特許権侵害差止等請求事件
判決データ
AI概要
【事案の概要】 薬剤分包用ロールペーパに関する特許権及び商標権(本件各商標権)を有していた原告が、被告株式会社ネクスト及び被告株式会社ヨシヤに対し、①商標法36条に基づく販売差止め・製造設備の廃棄、②特許法102条2項、商標法38条2項、民法709条・719条に基づく損害賠償、③予備的請求として不当利得返還を求めた事案である。
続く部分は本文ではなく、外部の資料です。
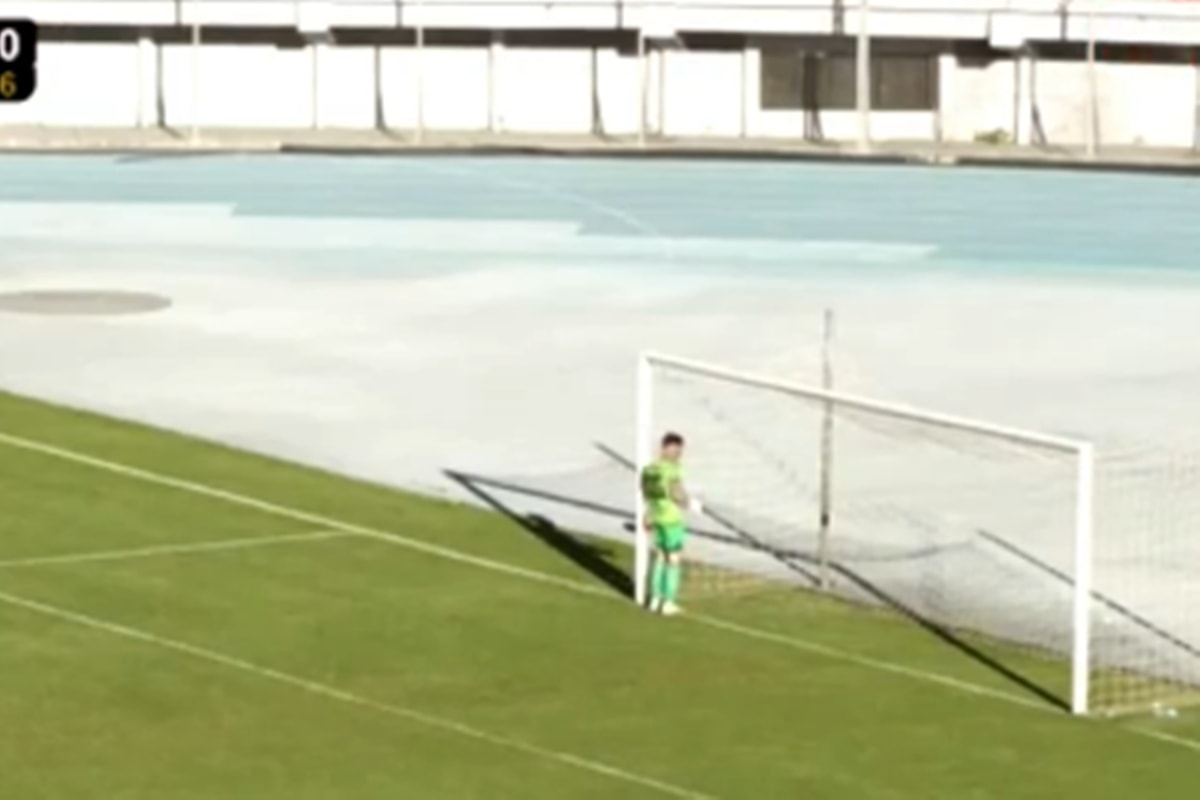Em protesto contra a arbitragem, goleiro se recusa a defender pênalti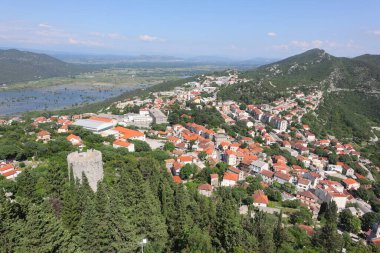 Hırvatistan 'ın güneyinde yer alan Vrgorac kasabası çilek, prosciutto ve et endüstrisiyle tanınıyor.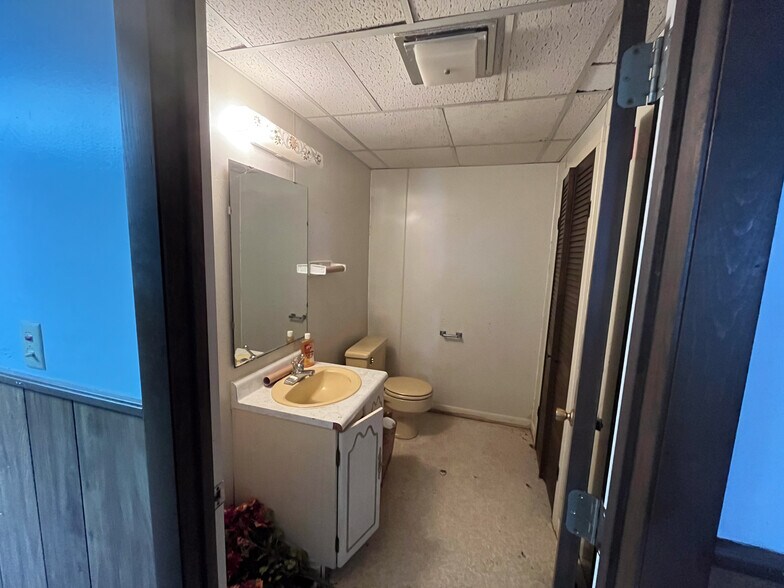 More Photos Of 155 Saco Ave, Old Orchard Beach Office For Sale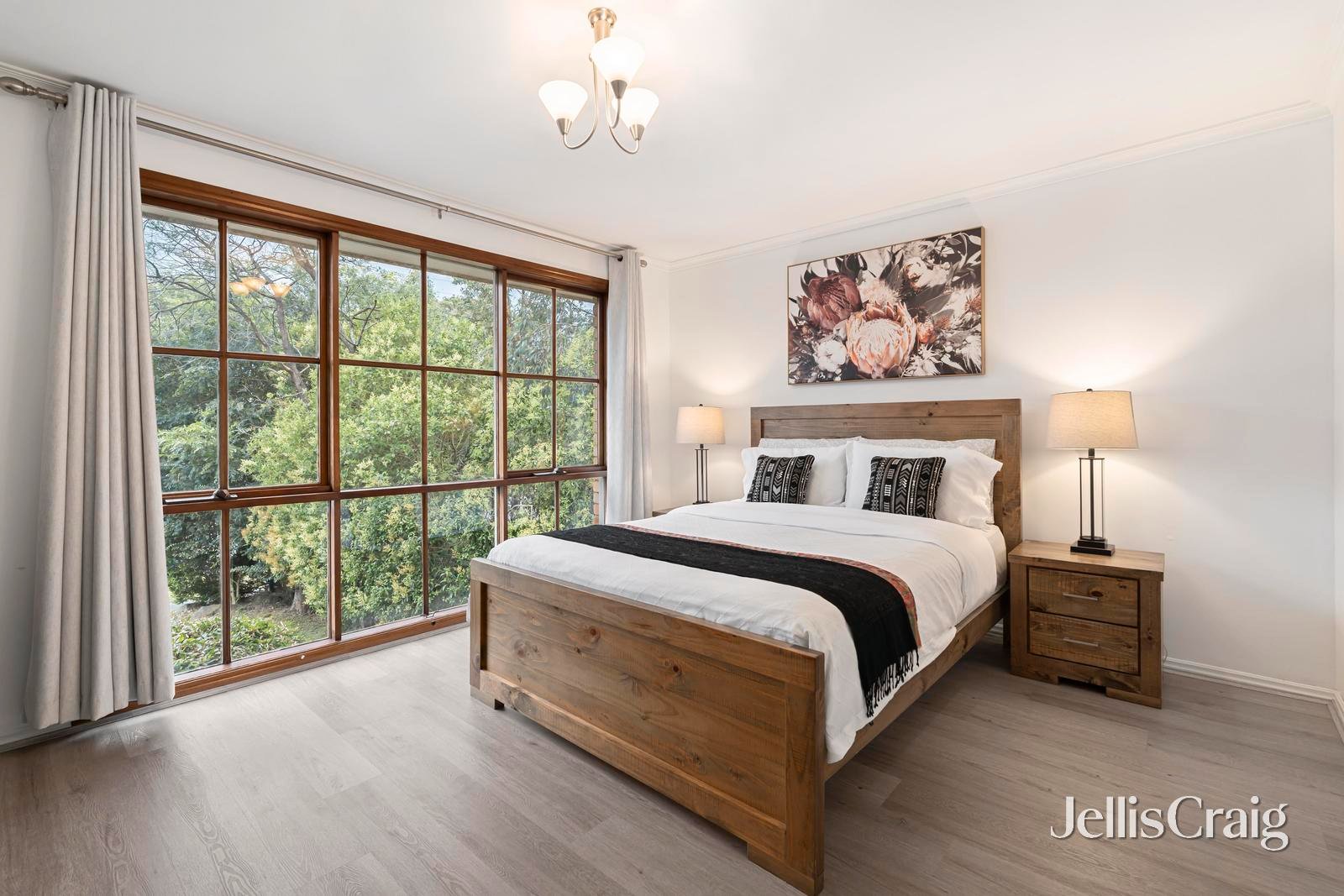 13 Glendarragh Road, Templestowe image 6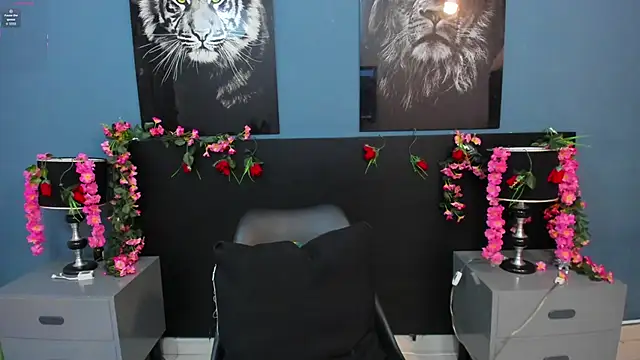 SophiaQueens online show from February 13, 2026, 8:20 pm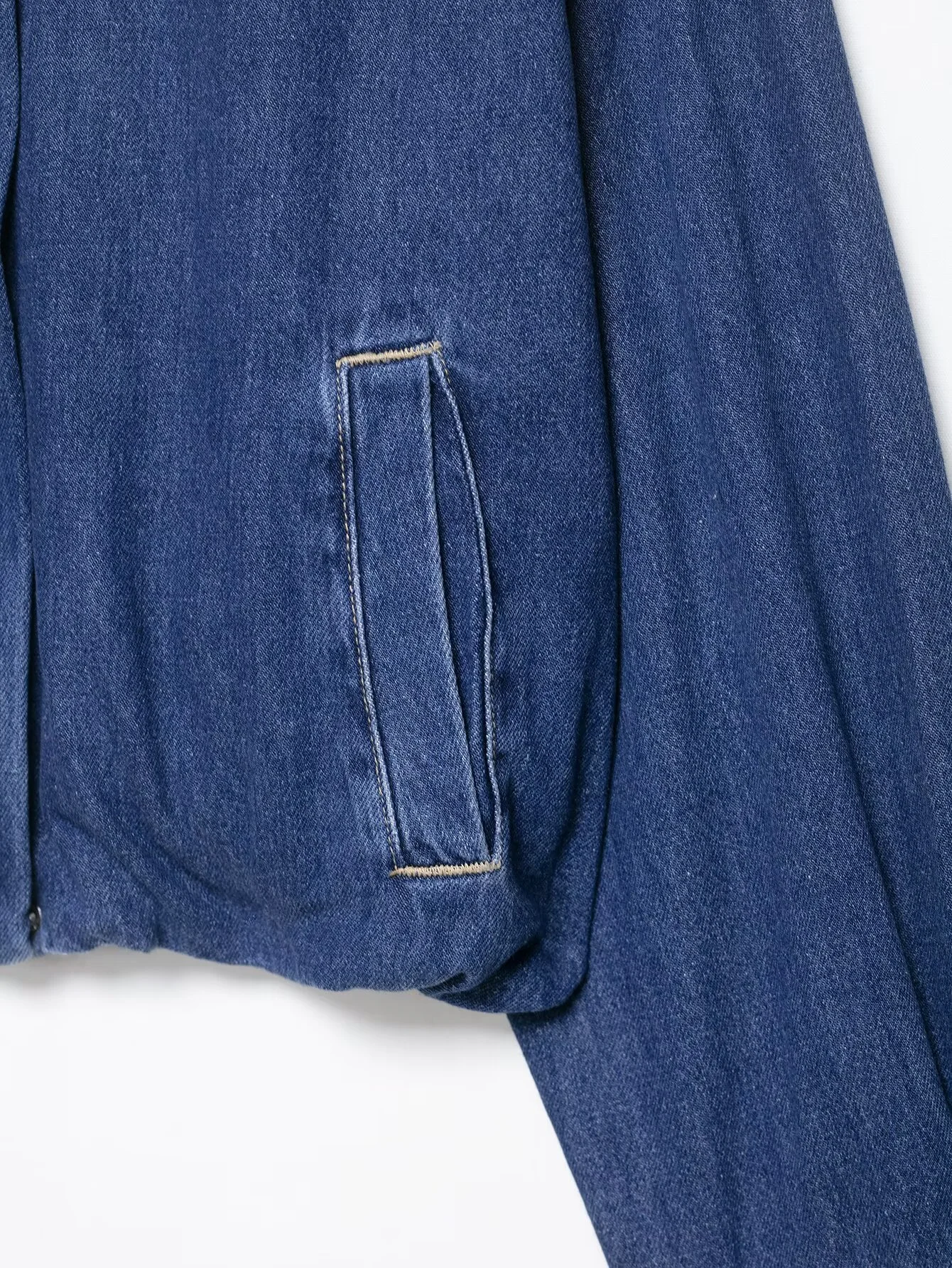 BSK&TRAF2025 ฤดูใบไม้ร่วงใหม่ผู้หญิงแฟชั่นลำลองย้อนยุคอเนกประสงค์หลวมคอปกแขนยาวแจ็คเก็ตยีนส์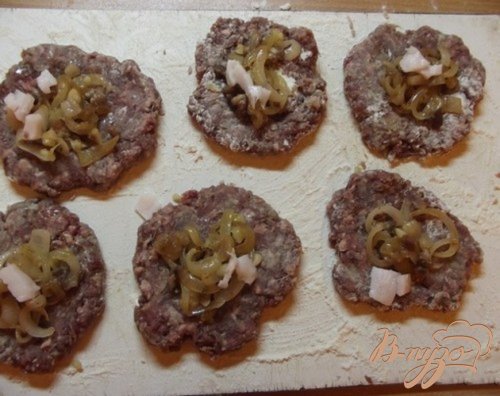 Зразы (котлеты) со шкварками Зразы (котлеты) со шкварками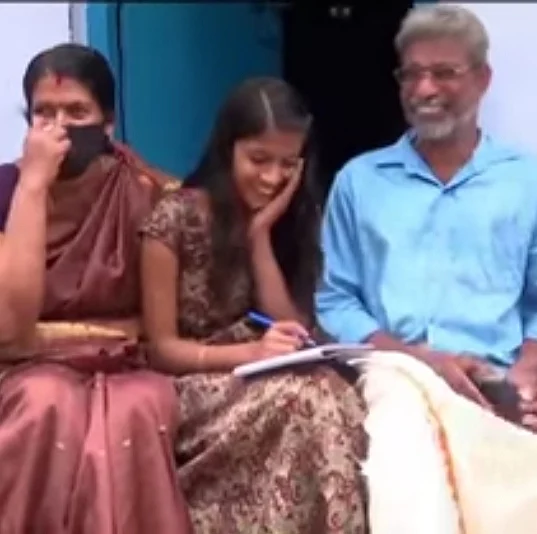 பெற்றோருடன் சினேகா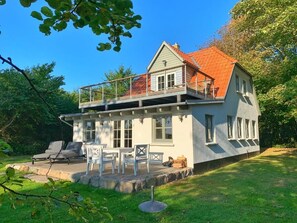 2 restaurants, breakfast served - Vejrø Resort (Vejrø)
被告製品は、原告が顧客に販売したロールペーパの使用済み中空芯管(原告製・所有権留保あり)を回収し、これに非純正の薬剤分包用シートを巻き直して販売するもので、中空芯管には原告の本件商標が型押しで刻印されていた。 【争点】 主要な争点は、①被告製品が本件発明の技術的範囲に属するか(特に構成要件A「用いられ」の意義)、②本件特許の有効性(新規事項追加、サポート要件・明確性、分割要件違反の有無)、③中空芯管上の刻印が商標として使用されているといえるか(視認可能性、指定商品該当性、商標法26条1項6号の抗弁)、④差止めの必要性、⑤損害額(102条2項・38条2項による推定、消滅時効、推定覆滅事由)、⑥被告らの共同不法行為の成否、⑦不当利得の額である。 【判旨】 大阪地裁は、物の発明である本件発明における構成要件Aの「用いられ」は、構成要件B以下のロールペーパ等の構造・機能を特定するためのものであって、現実に該当装置で使用されることを要件とする趣旨ではないと解し、被告製品は本件発明の技術的範囲に属すると認定した。無効事由に関する被告らの主張はいずれも排斥した。商標権侵害についても、中空芯管上の刻印は包装を解けば需要者に視認可能であり、芯管と分包紙が一体となった薬剤分包用ロールペーパ全体の出所表示機能を有するから指定商品に含まれ、非純正品である旨の表示があっても商標的使用に当たり、商標法26条1項6号の抗弁は成立しないとした。もっとも平成26年11月以降、被告らは販売を中止しウェブサイトも削除しており、製造設備は第三者に委託していたから、差止め・廃棄の必要性は否定した。損害賠償については、平成25年8月1日以前分は消滅時効が完成したとし、同日以降分につき被告ネクストに415万6644円、両被告に連帯して71万6378円を認容した。時効完成分は不当利得の成立を認め、実施料率3%(特許)・1%(商標2件合計)を基礎に、被告ネクスト82万7818円、被告ヨシヤ47万4242円の返還を命じた。さらに両被告は取引的・人的に密接な関連性があり一体として事業を行っていたとして共同不法行為の成立も肯定した。本判決は、純正品の使用済み部品を再利用して非純正品を販売する業態における特許権・商標権侵害の成否と、時効完成分の不当利得処理の枠組みを示した点で実務的意義を有する。